Apart from the WHS, the historic centre of Valencia as a whole is beautiful and contains many important monuments, nice streets and squares. The most important building is the cathedral, a mixture of many different styles, the most composite church I have seen in Spain, with a fine baroque façade, a strong Gothic tower, beautiful portals and above all the finely decorated drum. The most beautiful view of the cathedral is from Virgin Mary’s Square, on which overlooks the strangest façade of the church, very unusual because of its strange Renaissance loggia, which looks more as a façade of a palace. Other important monuments are the huge Generalitat Palace, quite similar in the late Gothic style to the Lonja de la Seda, the incredibly enormous Gothic twin city gates of Serrans and Quart, among the most beautiful I have ever seen, and the Renaissance Patriarch’s College. A special mention should be made for the Marquis de Dosaigües’s Palace, certainly the most beautiful in Valencia, with stunning reliefs, sculptures, an incredibly fine portal and the perfect contrast of many harmonic colours. Valencia has also some of the most beautiful buildings of contemporary architecture in Europe in the breathtaking complex of the City of the Arts and the Sciences, 350000 square metres large, mainly built by Santiago Calatrava, with huge buildings like the Sciences Museum, the Arts Palace, the “Hemisfèric”, the “Umbracle”, the “Oceanographic” and the works for a lyric theatre still going on. A very unusual feature of Valencia is the park placed in the huge bed of the dried river Turia, where is also the beautiful Palace of the Music and the Exposition Bridge.

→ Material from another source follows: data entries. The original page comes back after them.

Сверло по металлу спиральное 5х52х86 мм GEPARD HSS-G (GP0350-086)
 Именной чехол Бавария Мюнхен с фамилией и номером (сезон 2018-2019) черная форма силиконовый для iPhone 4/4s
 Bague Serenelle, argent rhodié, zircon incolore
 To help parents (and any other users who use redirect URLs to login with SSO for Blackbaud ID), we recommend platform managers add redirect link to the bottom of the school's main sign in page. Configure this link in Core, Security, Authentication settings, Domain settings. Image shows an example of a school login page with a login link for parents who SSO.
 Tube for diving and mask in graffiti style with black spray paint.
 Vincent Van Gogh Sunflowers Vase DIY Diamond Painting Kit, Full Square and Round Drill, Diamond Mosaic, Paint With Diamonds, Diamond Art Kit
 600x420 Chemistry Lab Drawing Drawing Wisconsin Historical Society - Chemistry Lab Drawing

I quite liked the Lonja de la Seda, but I think it is worthy of a visit if you are in Valencia more than of a long travel to visit expressly it; however the whole historic centre absolutely deserves a visit, as it is really beautiful. I think that it could be inscribed on the WHL entirely and not only the Lonja de la Seda, which in my opinion, even if it is very nice, authentic and conserved, isn’t really unique on its own as there are many similar beautiful palaces.

In the photo is the main façade of the Lonja de la Seda.